The whole film was shot on various iPhones. That choice initially had a lot to do with accessibility and convenience, but to me this makes the footage feel spontaneous. There’s something more casual about whipping the phone out instead of the camera. It feels less tangible than filming to tape, which in turn makes it much less intimidating. I think it made everyone more comfortable to try goofball stuff and have fun with it.

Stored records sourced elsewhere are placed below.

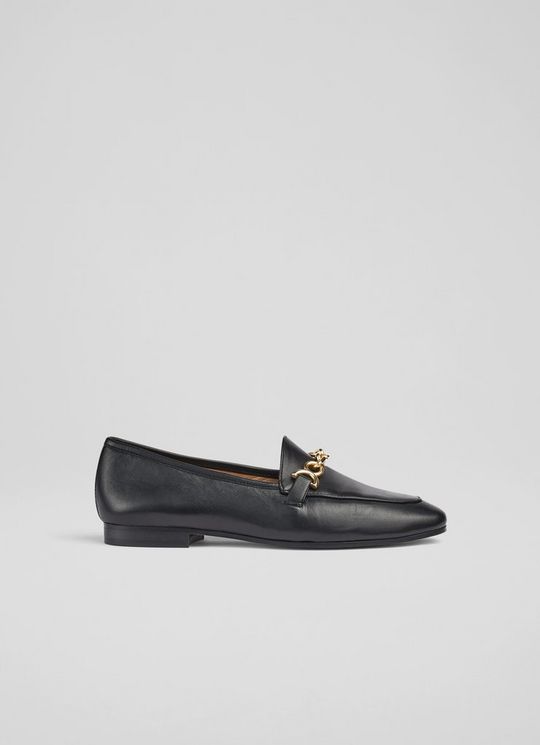L.K.Bennett Adalynn Black Leather Snaffle Loafers, Black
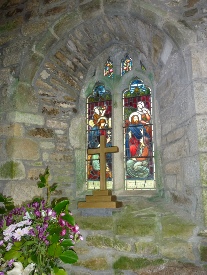 Staind glass windows in Mawgan Church.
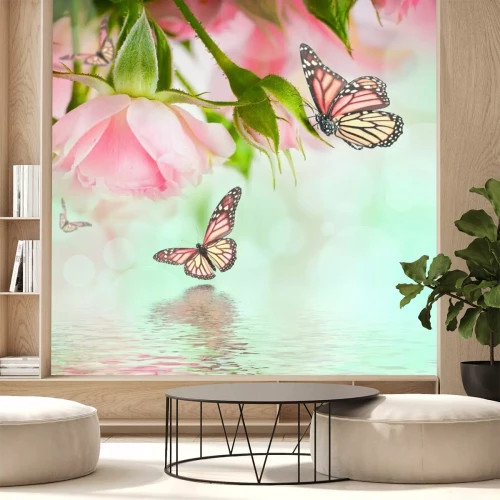 Papier peint  Paysage pastel avec des papillons et des roses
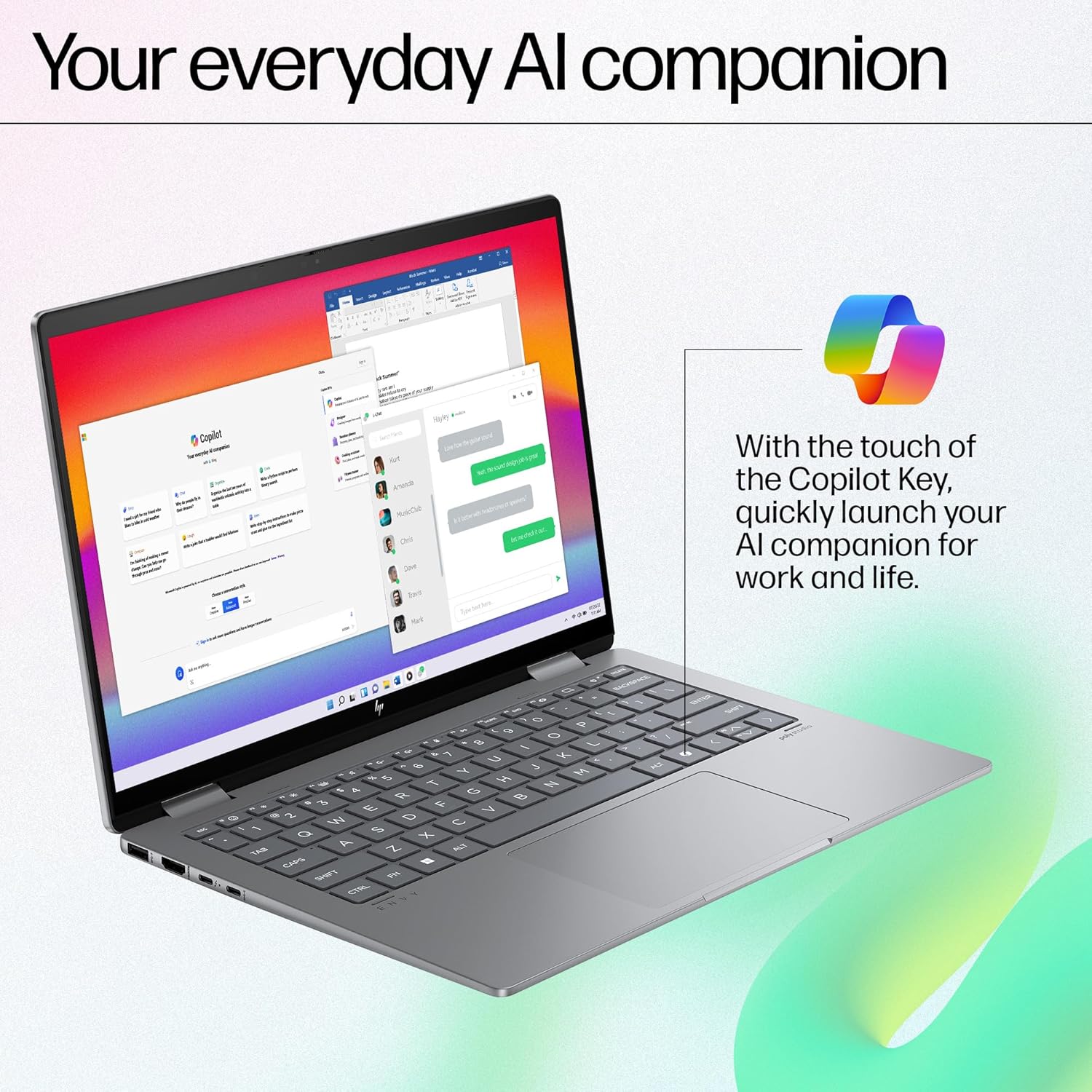 HP Envy x360, Intel Core Ultra 7-155U AI Laptop (16GB RAM, 512GB SSD) Touchscreen 2-in-1, IPS, WUXGA, 14"/35.6cm, Win 11, MS Office 2021, Silver, 1.39Kg, Integrated Graphics, 5MP IR Camera, fc0106TU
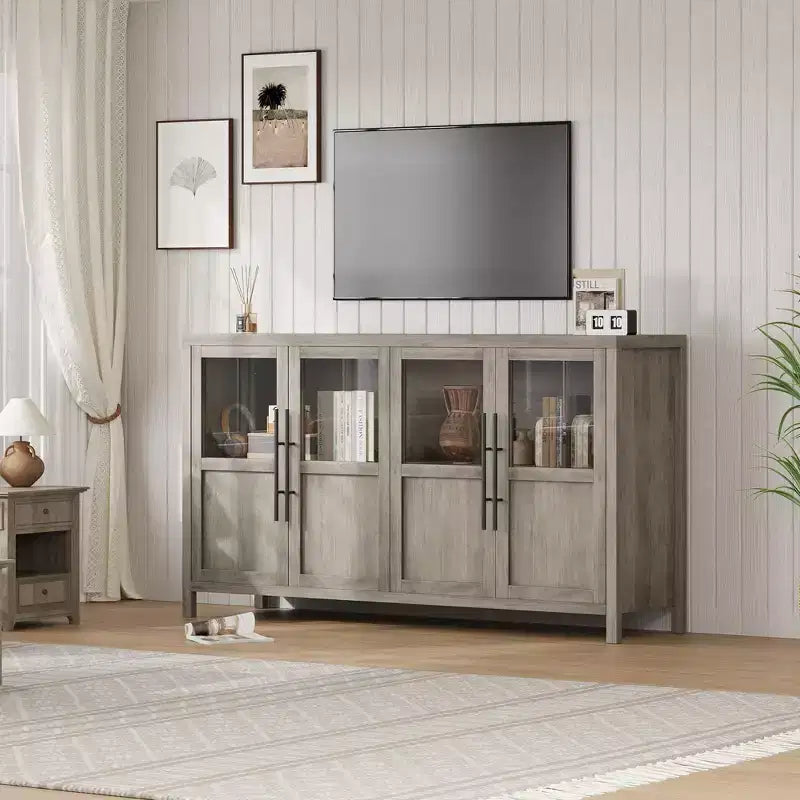 Buffet bahut avec portes vitrées, coloris noir/gris/bois, 4 portes, assemblage 1 personne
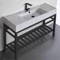 Modern Marble Design Ceramic Console Sink and Matte Black Base, 48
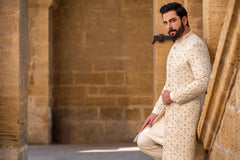 Star work Off white sherwani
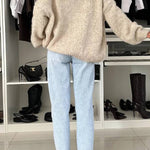 Explore Autumn Knit Open Front Long Balloon Sleeve Loose Cardigan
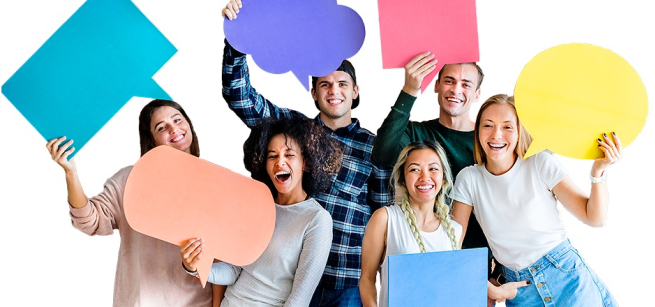 Six young people stand in a group against a white background. They are smiling and holding large thought bubbles of different colors.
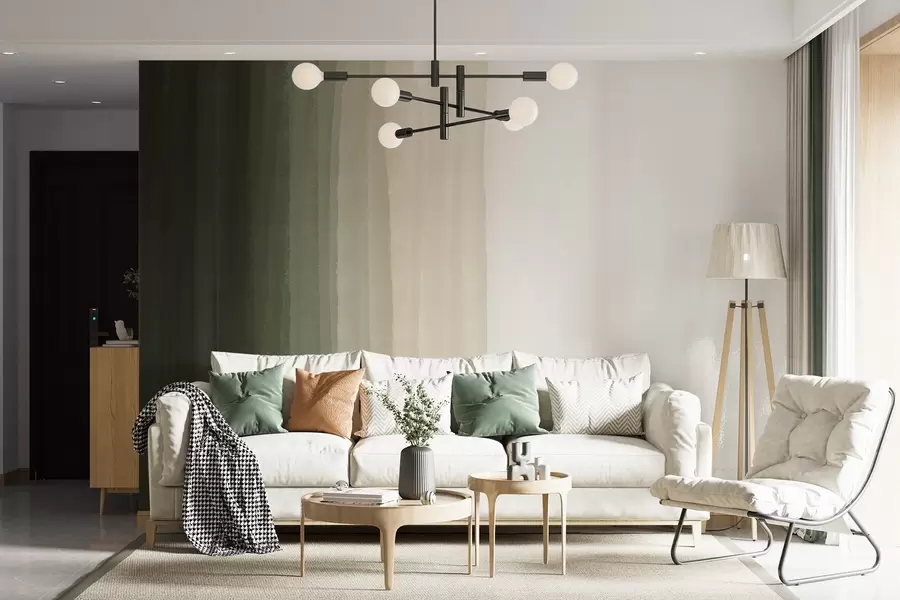 fototapet Print gradient minimalist abstract cu dungi verticale de verde închis, bej și alb  w08915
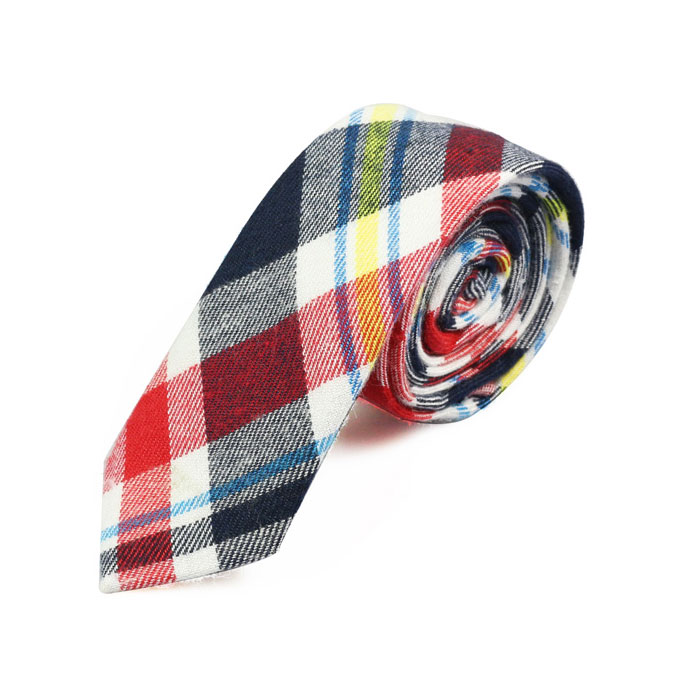 5cm Bean Red, Night, Grape, Blue Hosta, Yellow and White Cotton Plaid Skinny Tie
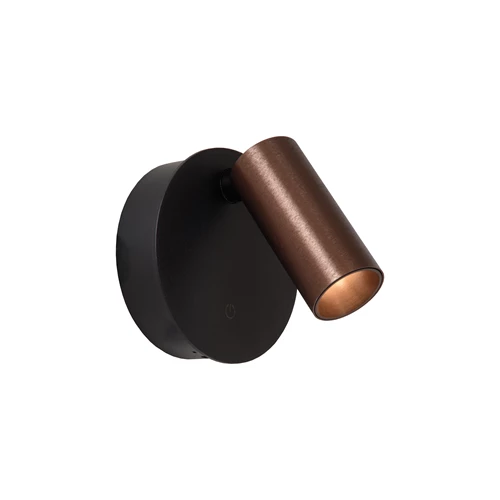 Lucide TONI - Oplaadbare Wandspot / Wandlamp - Accu/Batterij - Ø 8,1 cm - LED Dimb. - CCT - 1x2W 2700K/4000K - Magnetisch - Koffie - aangezet 6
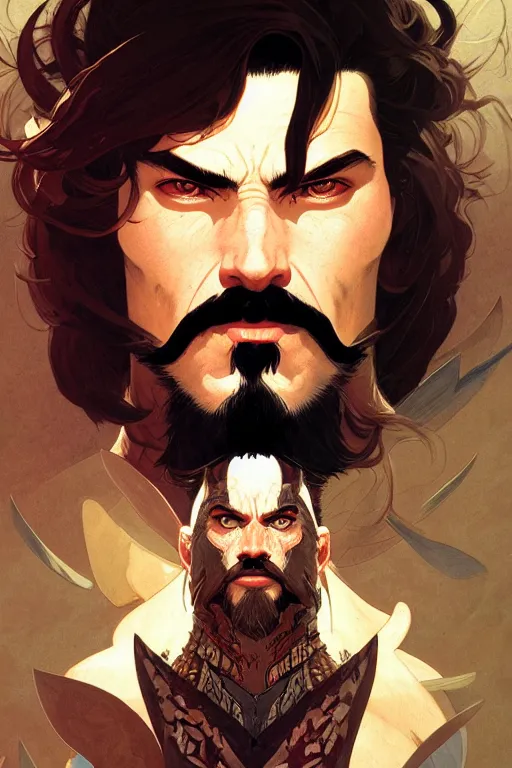 Image similar to a portrait of kraven the hunter, fantasy, sharp focus, intricate, elegant, digital painting, artstation, matte, highly detailed, concept art, illustration, ambient lighting, art by ilya kuvshinov, artgerm, alphonse mucha, and greg rutkowski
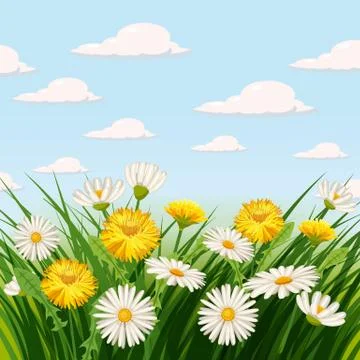 Fresh spring background with grass, dandelions and daisies. , poster, template Stock Illustration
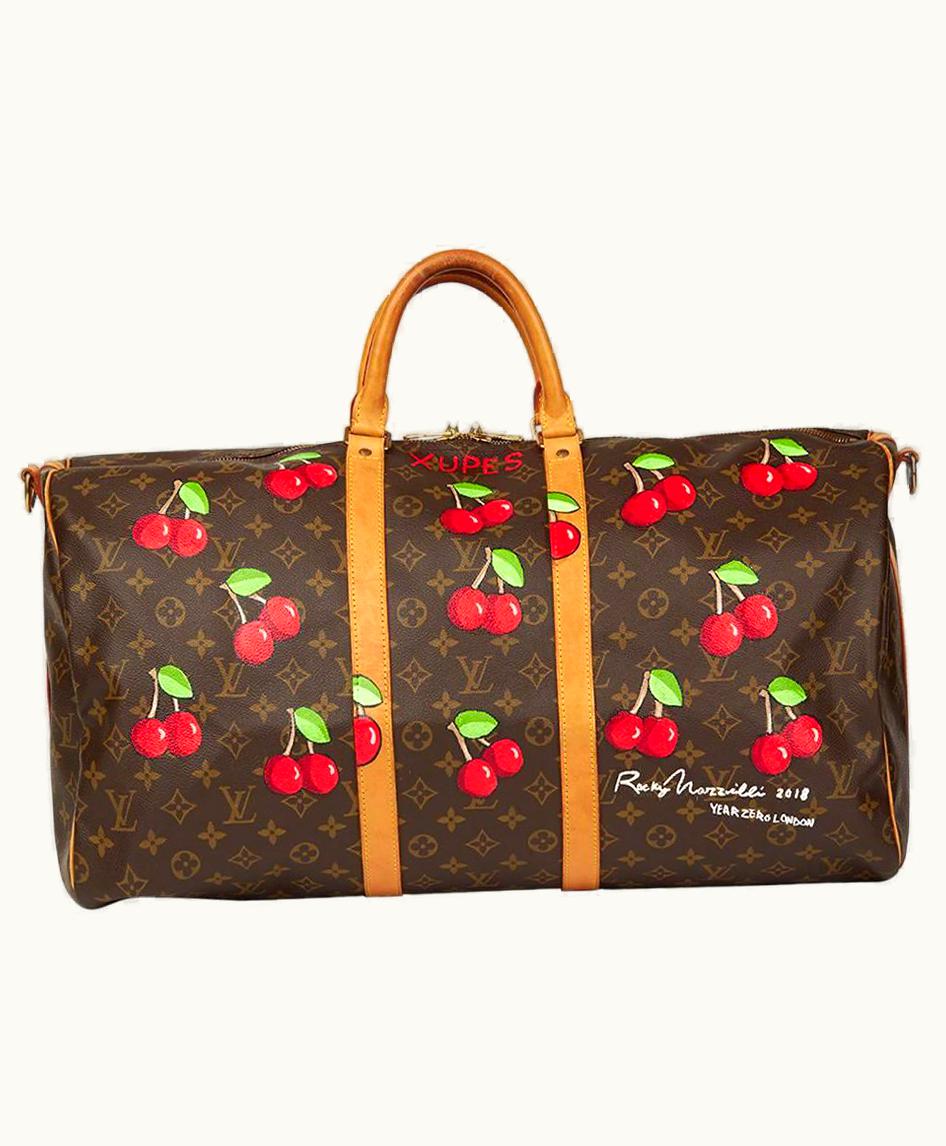 Louis Vuitton 1996 Louis Vuitton Hand-Painted Cherrie$ Keepall Bandouliere
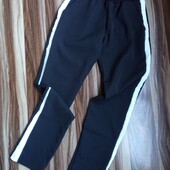 Женские укороченные брюки с лампасом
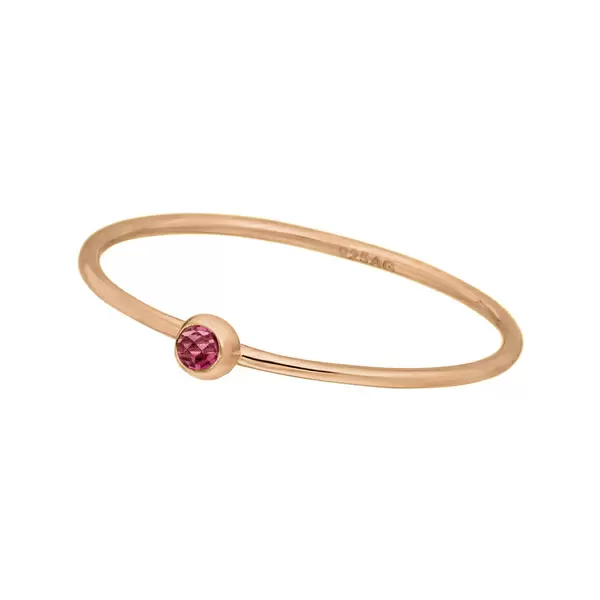 Leaf Jewelry Ring Solitaire, Ruby, 18 K Rosegold vergoldet, Gr.50 im Angebot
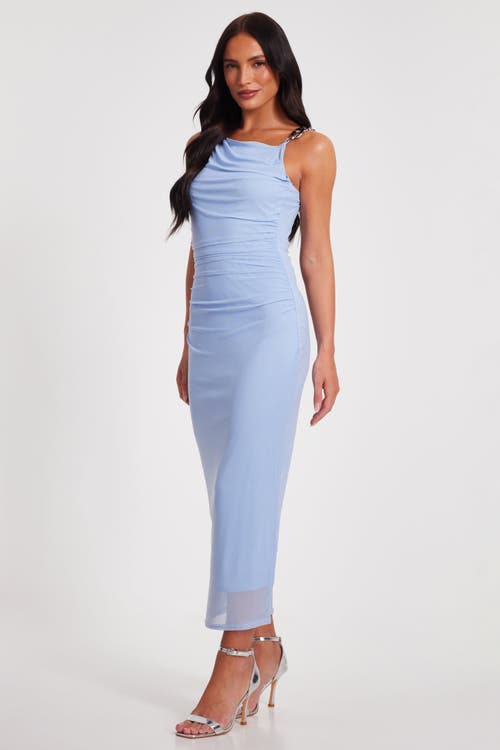 Quiz Mesh One Shoulder Chain Detail Maxi Dress In Pale Blue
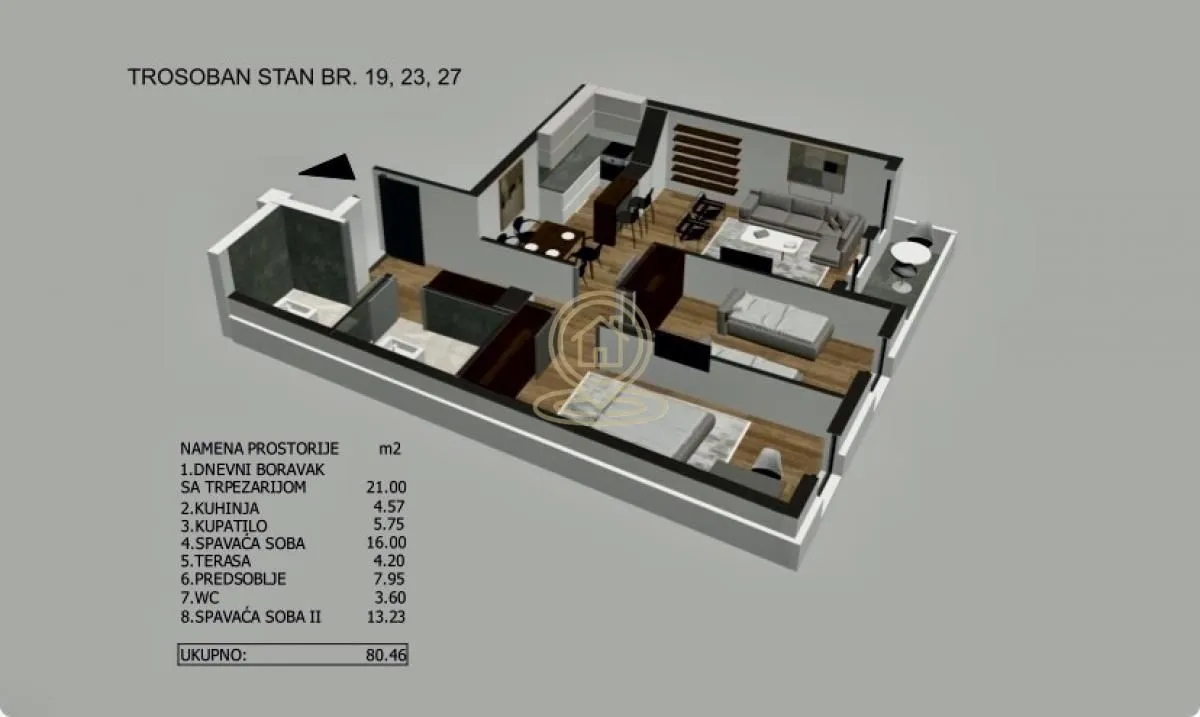 Prodaja, trosoban stan, 76m², Medijana, Niš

Okay, What’s up with this soundtrack?

In terms of music I knew I wanted to pull mostly from the early 80’s. I was inspired by lots of new-wave and early synth stuff. Each song has a specific connection to the skater or evokes some memory I have associated with them. The John Lennon track in Brian’s part was inspired by his morning ritual of eating breakfast and listening to the Beatles on shuffle. Rayan has an old car and it only has a cassette deck. Gary Numan’s “Telekon” was one of the cassettes we bumped most, which inspired the use of his track “I’m an Agent” for Rayan’s part. I try to pull from real life experiences as much as I can for a project like this. All of the video game music featured in Skechers was a callback to our last video “Rich Tony Hawkers,” which featured exclusively video game music from the 80’s and 90’s.

Photography by 
Max Junk, Alexander Roman


skechers (premiere version) from Field Sobriety on Vimeo

“skechers” is an American short-film that depicts individual and collective portraits of the “Skechers Skate Team” (AKA Brown Baggers) in order to demonstrate the most genuine lighthearted aspects of skateboarding culture. By introducing the close relationships held by a love-able cast of idiosyncratic misfits, director Field Sobriety is able to successfully represent this culture in a manner that is both appealing and exciting to any viewer regardless of their knowledge of skateboarding. Although it can at first glance be easily mistaken for a standard skate video; the viewer quickly becomes confronted with the over-arching theme of “anarchy of youth” and how individual acceptance of this process becomes crucial to true self actualization. The “Skechers Skate Team”, through their various antics of light heart-ed rebellion, provide a refreshing contemporary wave of much needed counter culture that directly contrasts the profit driven technology industry; a series of neo-liberal institutions that have been establising a hegemony over California’s culture for the last 3 decades.
By appealing to our most primitive humanistic spirit “skechers” is an instant underground classic that will be enjoyed by any one who‘s ever made the mistake of assuming that the spirit of non-conformity and revolution are absent from the current generation of youth. Using skateboarding as a metaphor of absolute freedom, it will continue to inspire those who watch it to come together to form unique identites under the gift of camaraderie.